Today a TM got called into the HR office accompanied by two district APs. They confronted the TM with what supposedly was evidence gathered from their internal investigation and claim to have the TM on record stealing but never really got told directly what they saw the TM they just used the usuall self guilt bulshit and tried to comfort the TM with him not being the only one who has ever messed up but the TM stood his ground and demanded a lawyer to speak on his behalf despite the constant effort the APs where trying to get the TM to admit to and never told him or showed him the evidence they had on him but all the post I've read similar to this situation all ended with TMs admitting to theft and signing paperwork and even pay back what they stole on some occasions. Did this TM really get away with what he did for not saying a word without a lawyer present ? They even tries scaring him that the authorities will be called and still demanded a lawyer so they gave up and didn't get no signature from the TM and payed the TM what would be the last paycheck.


----------



## Black Sheep 214 (Nov 11, 2022)

spaceranger said:


> Today a TM got called into the HR office accompanied by two district APs. They confronted the TM with what supposedly was evidence gathered from their internal investigation and claim to have the TM on record stealing but never really got told directly what they saw the TM they just used the usuall self guilt bulshit and tried to comfort the TM with him not being the only one who has ever messed up but the TM stood his ground and demanded a lawyer to speak on his behalf despite the constant effort the APs where trying to get the TM to admit to and never told him or showed him the evidence they had on him but all the post I've read similar to this situation all ended with TMs admitting to theft and signing paperwork and even pay back what they stole on some occasions. Did this TM really get away with what he did for not saying a word without a lawyer present ? They even tries scaring him that the authorities will be called and still demanded a lawyer so they gave up and didn't get no signature from the TM and payed the TM what would be the last paycheck.

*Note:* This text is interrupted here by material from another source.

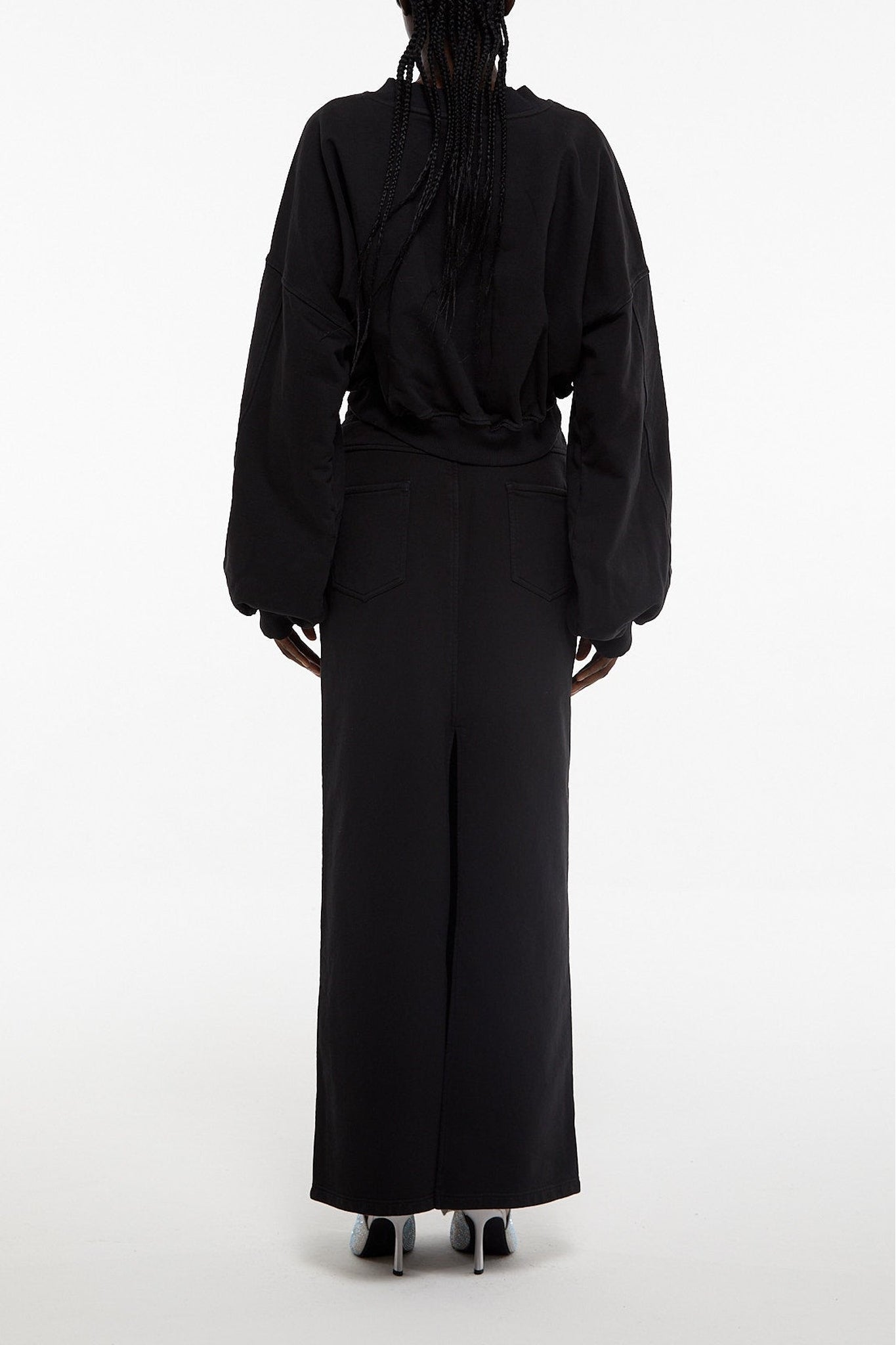 Jupe longue élastiquée à la taille - Black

Just because the TM didn’t get perp walked out doesn’t necessarily mean they got away with anything. If keeping their mouths shut meant that people would escape their actions with no consequences the courts and jails wouldn’t be full and a lot of lawyers would be unemployed. If that TM actually has a lawyer they might consider calling them now, and if not, they might consider looking into hiring one later. Time will tell.


----------



## spaceranger (Nov 11, 2022)

T


----------



## 60SecondsRemaining (Nov 11, 2022)

spaceranger said:


> Today a TM got called into the HR office accompanied by two district APs. They confronted the TM with what supposedly was evidence gathered from their internal investigation and claim to have the TM on record stealing but never really got told directly what they saw the TM they just used the usuall self guilt bulshit and tried to comfort the TM with him not being the only one who has ever messed up but the TM stood his ground and demanded a lawyer to speak on his behalf despite the constant effort the APs where trying to get the TM to admit to and never told him or showed him the evidence they had on him but all the post I've read similar to this situation all ended with TMs admitting to theft and signing paperwork and even pay back what they stole on some occasions. Did this TM really get away with what he did for not saying a word without a lawyer present ? They even tries scaring him that the authorities will be called and still demanded a lawyer so they gave up and didn't get no signature from the TM and payed the TM what would be the last paycheck.


This "team member" likely just didn't steal enough to make it worth the effort involved in running them down.

AP clearly has enough evidence to feel confident in confronting him, but not enough to get the cops involved.  They rolled the dice and pulled him in, he called their bluff.  Most people don't.  They cut their losses and sent him on his way.  

Did he get away with it?  Yes, but given their willingness to just send him on his way it probably didn't amount to much.


----------



## IWishIKnew (Nov 11, 2022)

AP isn't law enforcement. You don't have a right to a lawyer when being confronted about stealing by your employer.

They're giving you a chance to come clean, pay it back, take your lumps and move on before they bring the cops into it. Keep in mind that it doesn't cost Target much, aside from aggro & AP time, to pursue charges against you. They may still choose to do so, so keep that in mind, and avoid that location in the future.


----------



## Captain Orca (Nov 11, 2022)

Asking for a friend are 'ya?  Use punctuation, no run on sentences please.


----------



## Zxy123456 (Nov 11, 2022)

Let’s us know if the cops come knocking on your door.


----------



## Captain Orca (Nov 12, 2022)

_When they come a 'knockin.  To be young and foolish again, NOT._


----------



## can't touch this (Nov 12, 2022)

I have a secret but incredibly erotic fantasy of being wrongfully terminated/tackled/stomped upon by LP/AP while innocently shopping/working somewhere, anywhere, and settling for not less than $420 million…yes plz, I’ll be your non-productive incident any day big boi


----------



## NKG (Nov 12, 2022)

Sounds like a friendship gone bad


----------